In 1961, Caliper’s founder and CEO Herb Greenberg was tasked by a large US insurance company to find out whether or not there was a reliable way to assess the sales potential of job applicants. The four-year study resulted in the Caliper Profile – a personality assessment used to test anyone from insurance salesmen to NBA draft choices. A Chinese version of the profile made its debut in 2005. Mark Lawrence, Caliper’s managing director for Greater China, talked to CHINA ECONOMIC REVIEW about how well psychometric tests work to predict job success and how Chinese test takers are responding.
Q: What is the Caliper Profile?
A: It’s an assessment that measures 18 different personality traits. With a combination of these traits, we can predict certain behaviors in someone’s daily life or in the working environment. We can then decide whether or not one’s personality is suited to a particular position. The profile today remains pretty true to the original, but of course it has morphed a little bit. Obviously we have to be very careful when we’re pulling together the questions because they have to be based on local norms. In an emerging market like China, there is such a hunger for people, [but] when you look at the resumés and backgrounds of potential job candidates, they’re all very strong. This reflects the IQ element, but the biggest element is the EQ (emotional intelligence quota), which you can’t see.
Q: A job interview is how a company traditionally assess an applicant’s EQ. How do psychometric tests fit in with this?
A: Someone could go into the interview and be very assertive, have good empathy and sell themselves during the interview process. Over the years, you can become quite good at interviews. But the assessment might show something very different. With the profile, there is also an interview guide that gives very targeted questions to be asked during the interview.
Q: How do companies use the profile during the hiring process?

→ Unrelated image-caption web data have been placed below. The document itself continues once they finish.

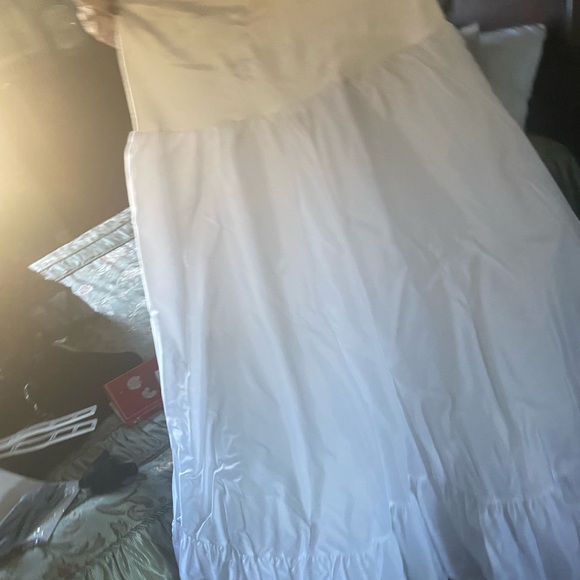 Crinoline - Picture 3 of 3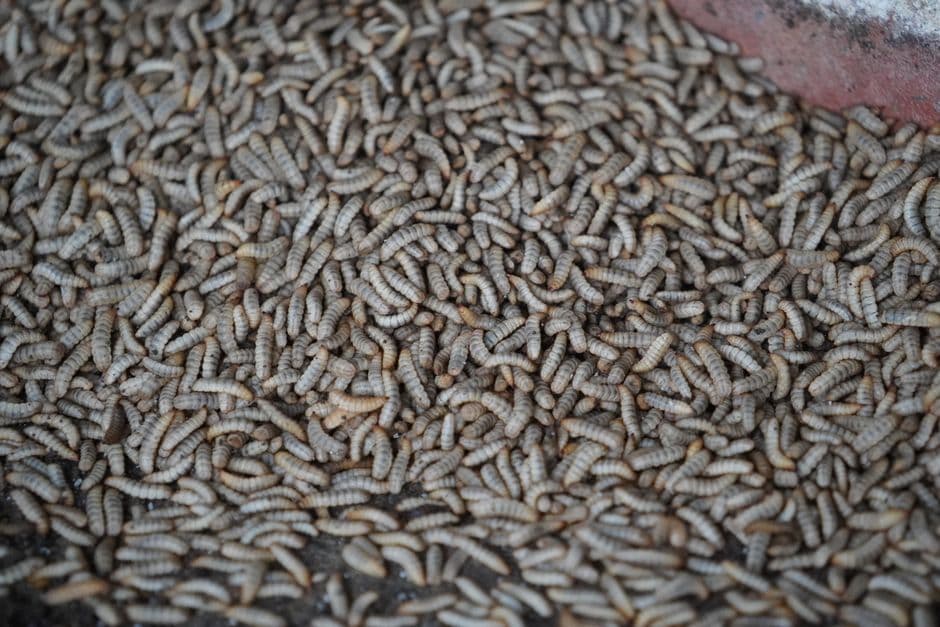 Pelatihan Pembuatan Pakan Ikan Terapung dan Tenggelam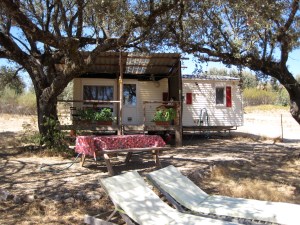 de eigen tuin met buitenmeubels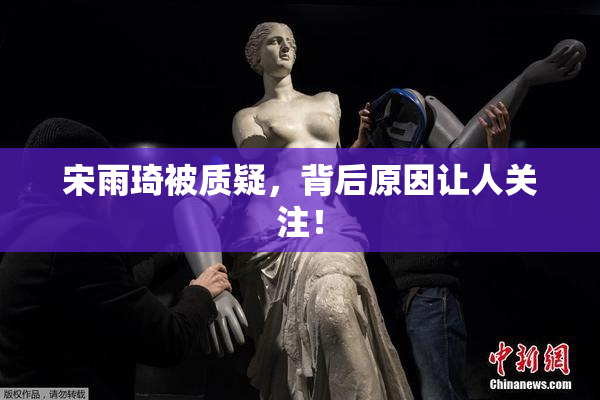 宋雨琦被质疑，背后原因让人关注！
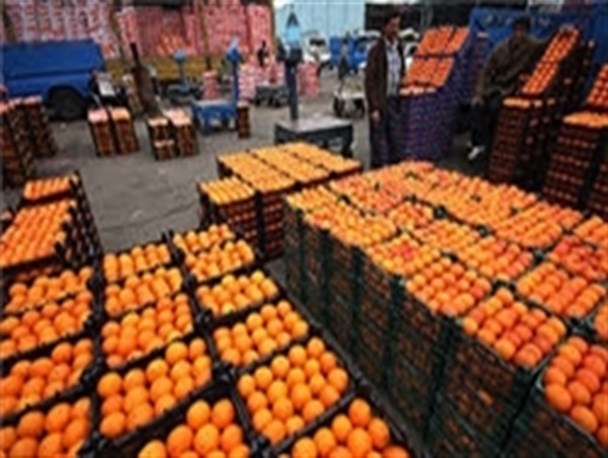 توزیع میوه شب عید شهرستان اردل از 25 اسفند آغاز می شود
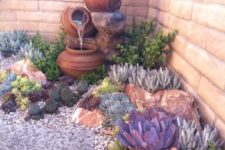 04 cacti and succulent pebble garden design with a fountain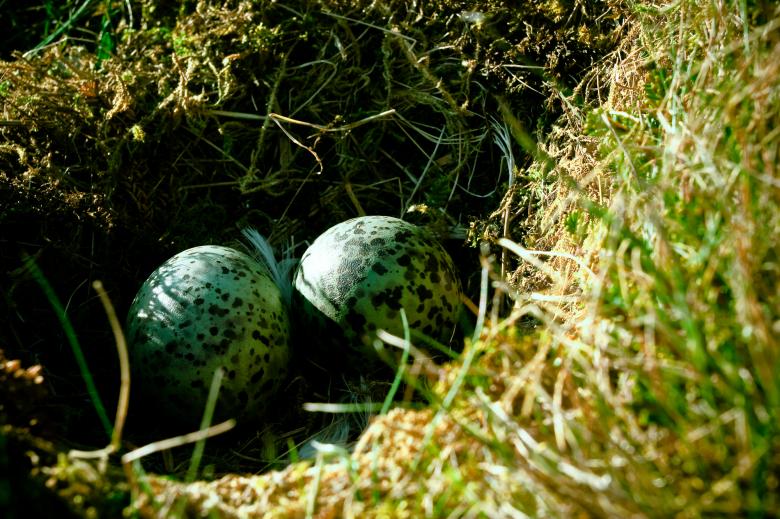 Free stock image of Nest with eggs created by Bjorgvin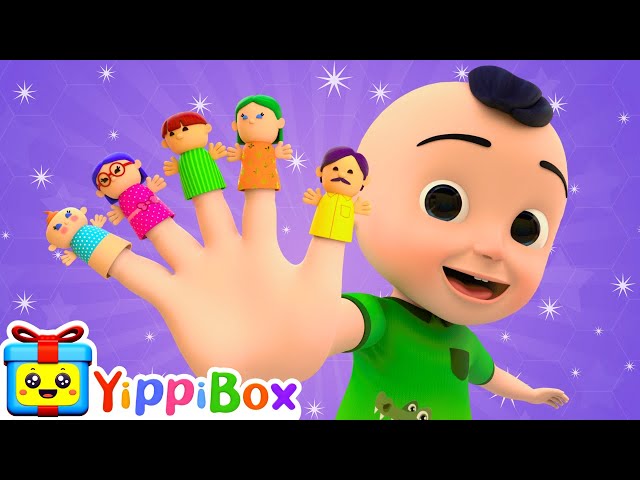 Finger Family 🖐️👨‍👩‍👦 | Daddy Finger | Family Song | YippiBox Nursery Rhymes, Cartoon and Baby Song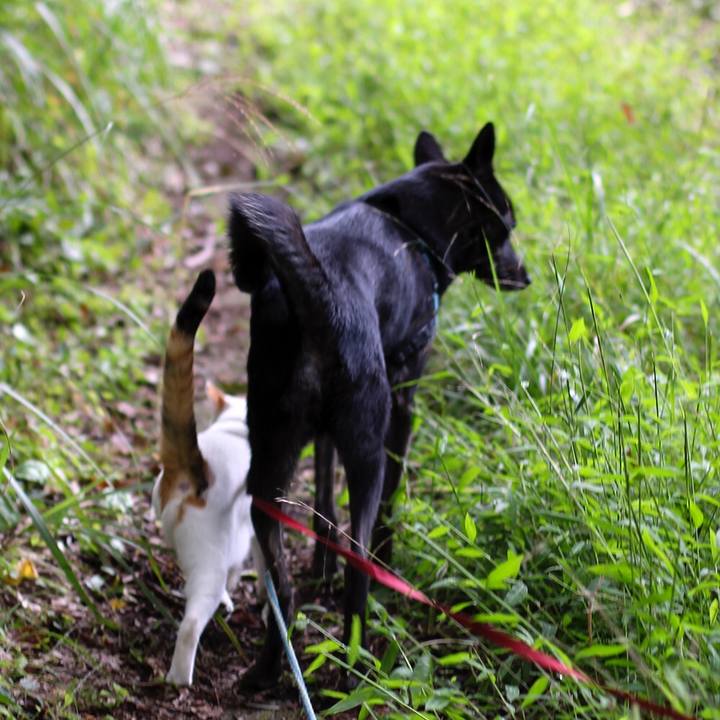 67e69888 e7b9 494d 9060 d050d17af947 1571527549624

A: Some companies use a variation of the profile for potential applicants first, to screen out those that are nowhere near matched. Others go through the interview process, resumés and reference checking and then send candidates to us for assessment. You need to use the profile as part of the hiring process and shouldn’t make a decision purely based on an assessment.
Q: Are certain sectors or levels within companies that the profile is better suited for?
A: We have different formats with different series of questions. We have some clients that use the profile for every hire, irrespective of position. We have other products under the Caliper Profile which are more specific to certain job functions, such as sales, customer service, IT, software engineering and financial services.
Q: How do job applicants generally respond to being tested?
A: [In China], very positively. We get calls from applicants directly wanting us to share the results. We’ve developed an individual development guide as a separate product, which goes into more detail about one’s strengths and weaknesses and will recommend what’s best for your career development. For companies, it’s a good guiding path for how to motivate employees and how to move them through their career.
Q: Do you find that some companies themselves have a hard time defining what they are looking for in job applicants?
A: You may have a US company that has a very well-defined job description in the US, but they come to China and they want people who are more flexible. But this doesn’t suit Chinese culture. [Chinese people] want to know: Where am I, what’s my path, to whom do I report, where am I going to be in 12 months. So job descriptions with some organizations can be quite difficult to pull together and companies purposely try to keep things a bit gray so they have flexibility [with their employees]. The savvier companies in China now are bringing HR and business line closer together to make sure the job descriptions are very detailed.
Q: For cases where your job recommendation don’t work out, what are the usual causes?
A: A lot of the time the client doesn’t implement the advice laid out in the profile, particularly on the developmental needs of the individual. In China, because it’s such a hot market, most head hunters and hiring managers overemphasize a job. They promise applicants development and training, but it doesn’t happen. They are not supported well enough, so people leave. Another reason is, though an individual is fit for a position, he may not be fit for the whole team, especially his supervisor. You may have a very strong western manager who is very assertive and skeptical, low-empathy team members, and there’s going to be a conflict.